Support staff have a wide range of jobs in schools, such as teacher aide, personal assistant, librarian, executive officer and general office work.
Support staff in schools are covered by:
- the Support Staff in Schools’ Collective Agreement, or
- an individual employment agreement, with similar terms and conditions as the collective agreement.
You are covered by the collective agreement if your work is covered by this agreement and you're a member of the New Zealand Education Institute Te Riu Roa (NZEI), or E tū.
You need to sign an individual employment agreement if your work is covered by the collective agreement but you are not a member of the NZEI or E tū. The Ministry of Education develops and publishes the individual employment agreement. The terms and conditions of your work are similar to the collective agreement.
- Support Staff in Schools’ Collective Agreement (SSSCA) – terms and conditions of employment for support staff employed in state or state-integrated schools. Effective 6 June 2014 to 5 December 2016. This document as been revised pursuant to the Terms of Settlement dated 6 June 2014. Read about the Best Practice Guidance for Boards of Trustees and Principals - New Remuneration System [PDF, 964 KB].

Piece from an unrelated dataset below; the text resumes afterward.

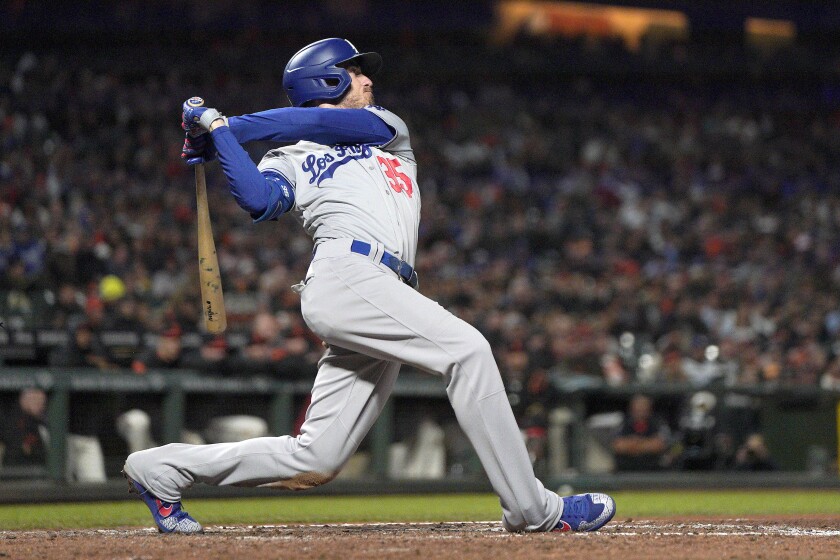 FILE - This Sept. 27, 2019, file photo shows Los Angeles Dodgers' Cody Bellinger (35) getting a hit against the San Francisco Giants during a baseball game in San Francisco. Bellinger was well on his way to becoming the National League MVP only 60 games into last season for the Los Angeles Dodgers, already with 20 homers in that stretch before his 24th birthday. (AP Photo/Tony Avelar, File)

- Support Staff in Schools’ Individual Employment Agreement [PDF, 23 KB] – published 6 March 2015.
Clause 1.3 of the employment agreement lists all the types of school roles that are not covered. So essentially this agreement covers any other types of work in schools and is likely to mean you will work directly or indirectly with teachers and students to support them, or your work will be secretarial, financial, human resources or in property management.
Your pay is set out in part 3 of the agreement.

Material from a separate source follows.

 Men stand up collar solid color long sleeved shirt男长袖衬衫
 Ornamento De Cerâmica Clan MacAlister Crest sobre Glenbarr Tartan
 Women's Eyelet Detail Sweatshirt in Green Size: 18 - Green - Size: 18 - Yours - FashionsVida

The position is graded using the Position Elements Table - clause 3.4 which then translates to your step and grade on the payscale - clause 3.2.2. Specific information about placement on the payscale can be found in clause 3.6.
If you are part of the executive management group, your pay scale is different. This is explained in clause 3.1. To be assigned to the executive management group you must:
- be part of the school's senior management team, and
- have whole-of-school responsibility for functions such as finance and/or human resources and/or property, and
- be employed for your specialist skills.
Each pay grade has steps within it and you can move up those steps based on your performance review each year. This is explained in clause 3.8 of the agreement.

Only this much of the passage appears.